▶ [Information supplied]
---

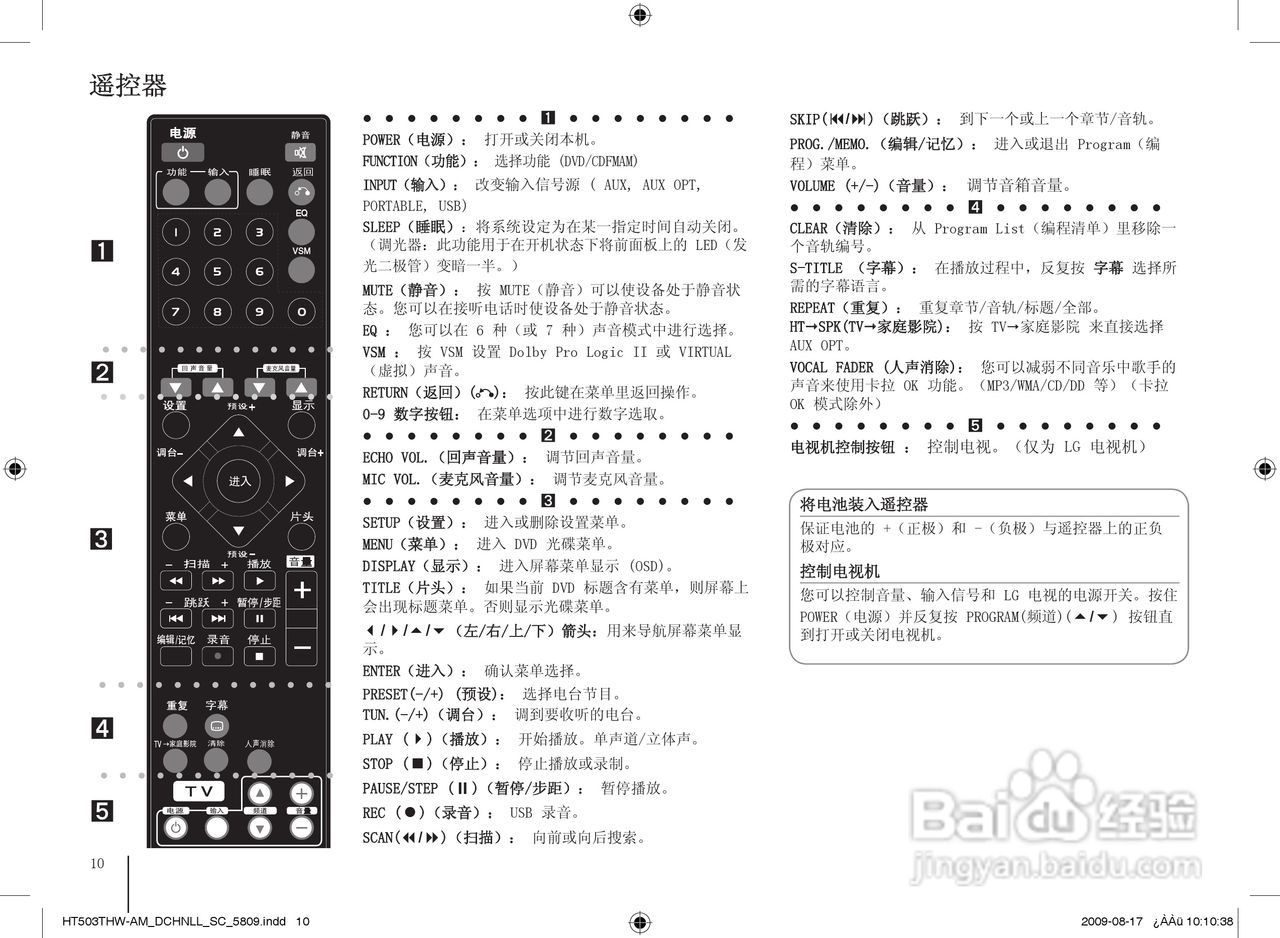 LG HT503THW家庭影院使用说明书:[1]
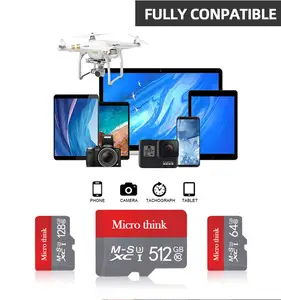 2023 Factory Cheap Prices Memory Sd Card Class 10 Fast 256GB 512G 8GB 16GB 32GB 64GB 128GB Memoria Micro Tf Sd Memory Card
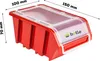 30 Stapelboxen Wandregal Kunststoff Deckel 172 x 78 cm Produktbild-Vorschau 5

---

▶ [What to produce]
Set down all of the data word for word; no pictures belong in it.

▶ [Solution for this exercise]
 LG HT503THW家庭影院使用说明书:[1]
 2023 Factory Cheap Prices Memory Sd Card Class 10 Fast 256GB 512G 8GB 16GB 32GB 64GB 128GB Memoria Micro Tf Sd Memory Card
 30 Stapelboxen Wandregal Kunststoff Deckel 172 x 78 cm Produktbild-Vorschau 5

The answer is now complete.